Required work:
Give back exactly the lines of the entries below from the line with "TP-Link Archer TX3000E" to the line with "Orange Hardcover Book", inclusive, and only those.

Dataset records:
========
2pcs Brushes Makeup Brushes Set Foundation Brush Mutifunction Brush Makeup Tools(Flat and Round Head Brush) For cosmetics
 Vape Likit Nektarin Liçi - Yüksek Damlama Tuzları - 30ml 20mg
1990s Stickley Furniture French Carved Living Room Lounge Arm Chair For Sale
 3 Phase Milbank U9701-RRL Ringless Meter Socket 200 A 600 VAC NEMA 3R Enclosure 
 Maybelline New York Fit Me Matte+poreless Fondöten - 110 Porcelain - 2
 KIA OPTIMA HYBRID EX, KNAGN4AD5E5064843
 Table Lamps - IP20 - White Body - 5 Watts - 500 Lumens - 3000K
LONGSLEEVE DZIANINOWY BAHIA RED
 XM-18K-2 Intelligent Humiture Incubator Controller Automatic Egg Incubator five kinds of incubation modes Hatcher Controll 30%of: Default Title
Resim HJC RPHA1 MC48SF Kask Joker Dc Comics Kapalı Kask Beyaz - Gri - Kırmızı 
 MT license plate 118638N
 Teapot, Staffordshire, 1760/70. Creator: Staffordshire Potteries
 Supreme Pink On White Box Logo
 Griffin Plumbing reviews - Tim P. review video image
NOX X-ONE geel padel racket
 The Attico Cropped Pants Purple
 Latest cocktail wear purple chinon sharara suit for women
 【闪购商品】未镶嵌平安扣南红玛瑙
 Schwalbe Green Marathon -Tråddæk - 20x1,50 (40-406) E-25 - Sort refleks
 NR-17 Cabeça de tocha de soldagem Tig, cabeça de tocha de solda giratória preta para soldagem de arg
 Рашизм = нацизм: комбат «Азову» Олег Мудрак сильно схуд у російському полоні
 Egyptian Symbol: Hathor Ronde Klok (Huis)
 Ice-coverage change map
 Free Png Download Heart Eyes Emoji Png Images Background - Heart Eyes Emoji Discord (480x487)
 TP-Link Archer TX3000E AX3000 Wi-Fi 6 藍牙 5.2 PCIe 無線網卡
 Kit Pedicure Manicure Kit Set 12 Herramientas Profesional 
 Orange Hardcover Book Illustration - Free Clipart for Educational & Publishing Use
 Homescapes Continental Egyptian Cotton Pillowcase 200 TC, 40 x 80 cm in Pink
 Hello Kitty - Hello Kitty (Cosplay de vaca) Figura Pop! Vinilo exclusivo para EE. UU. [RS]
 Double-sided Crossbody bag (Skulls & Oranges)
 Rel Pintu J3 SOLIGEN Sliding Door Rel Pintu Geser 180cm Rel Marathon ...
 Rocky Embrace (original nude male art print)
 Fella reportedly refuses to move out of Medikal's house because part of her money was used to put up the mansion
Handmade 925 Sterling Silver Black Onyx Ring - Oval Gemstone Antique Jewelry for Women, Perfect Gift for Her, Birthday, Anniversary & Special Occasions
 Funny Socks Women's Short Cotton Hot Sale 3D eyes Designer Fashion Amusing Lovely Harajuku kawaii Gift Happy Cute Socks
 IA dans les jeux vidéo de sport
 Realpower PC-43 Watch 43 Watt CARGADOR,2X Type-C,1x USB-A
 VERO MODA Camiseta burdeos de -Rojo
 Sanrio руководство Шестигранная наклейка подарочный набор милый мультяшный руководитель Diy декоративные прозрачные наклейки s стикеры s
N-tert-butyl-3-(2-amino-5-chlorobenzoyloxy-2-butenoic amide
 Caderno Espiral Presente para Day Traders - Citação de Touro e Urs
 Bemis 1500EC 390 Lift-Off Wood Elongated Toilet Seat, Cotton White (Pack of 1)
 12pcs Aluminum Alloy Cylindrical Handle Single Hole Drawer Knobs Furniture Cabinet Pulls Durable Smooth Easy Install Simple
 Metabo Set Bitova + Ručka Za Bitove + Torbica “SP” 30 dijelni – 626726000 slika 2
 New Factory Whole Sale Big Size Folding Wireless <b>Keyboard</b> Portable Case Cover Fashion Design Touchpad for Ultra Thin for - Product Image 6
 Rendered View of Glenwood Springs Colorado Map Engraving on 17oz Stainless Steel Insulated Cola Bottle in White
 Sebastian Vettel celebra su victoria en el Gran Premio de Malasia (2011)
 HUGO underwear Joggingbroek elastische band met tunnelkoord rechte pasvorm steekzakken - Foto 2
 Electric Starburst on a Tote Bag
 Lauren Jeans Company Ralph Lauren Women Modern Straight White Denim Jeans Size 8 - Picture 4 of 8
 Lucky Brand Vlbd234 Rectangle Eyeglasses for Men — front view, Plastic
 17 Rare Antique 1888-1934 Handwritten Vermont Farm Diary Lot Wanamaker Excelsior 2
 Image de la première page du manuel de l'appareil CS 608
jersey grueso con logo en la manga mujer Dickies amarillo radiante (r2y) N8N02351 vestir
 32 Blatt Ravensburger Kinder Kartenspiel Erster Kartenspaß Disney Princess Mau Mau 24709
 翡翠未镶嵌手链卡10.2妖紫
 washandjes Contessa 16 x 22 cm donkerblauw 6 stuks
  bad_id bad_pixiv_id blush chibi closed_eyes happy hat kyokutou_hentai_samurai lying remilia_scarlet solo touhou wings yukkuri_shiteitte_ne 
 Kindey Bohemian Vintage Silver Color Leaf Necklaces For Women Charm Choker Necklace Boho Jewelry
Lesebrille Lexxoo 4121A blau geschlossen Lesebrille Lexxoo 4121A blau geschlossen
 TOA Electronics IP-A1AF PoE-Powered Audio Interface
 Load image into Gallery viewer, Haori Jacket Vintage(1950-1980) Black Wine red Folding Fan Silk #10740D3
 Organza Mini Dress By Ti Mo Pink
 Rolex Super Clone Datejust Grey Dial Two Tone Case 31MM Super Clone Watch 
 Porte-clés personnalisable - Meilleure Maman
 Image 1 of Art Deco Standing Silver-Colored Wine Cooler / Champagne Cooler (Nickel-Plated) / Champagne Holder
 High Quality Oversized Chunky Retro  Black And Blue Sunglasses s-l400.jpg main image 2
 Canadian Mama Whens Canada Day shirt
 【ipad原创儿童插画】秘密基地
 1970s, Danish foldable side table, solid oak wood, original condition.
========
Exercise output:
 TP-Link Archer TX3000E AX3000 Wi-Fi 6 藍牙 5.2 PCIe 無線網卡
 Kit Pedicure Manicure Kit Set 12 Herramientas Profesional 
 Orange Hardcover Book Illustration - Free Clipart for Educational & Publishing Use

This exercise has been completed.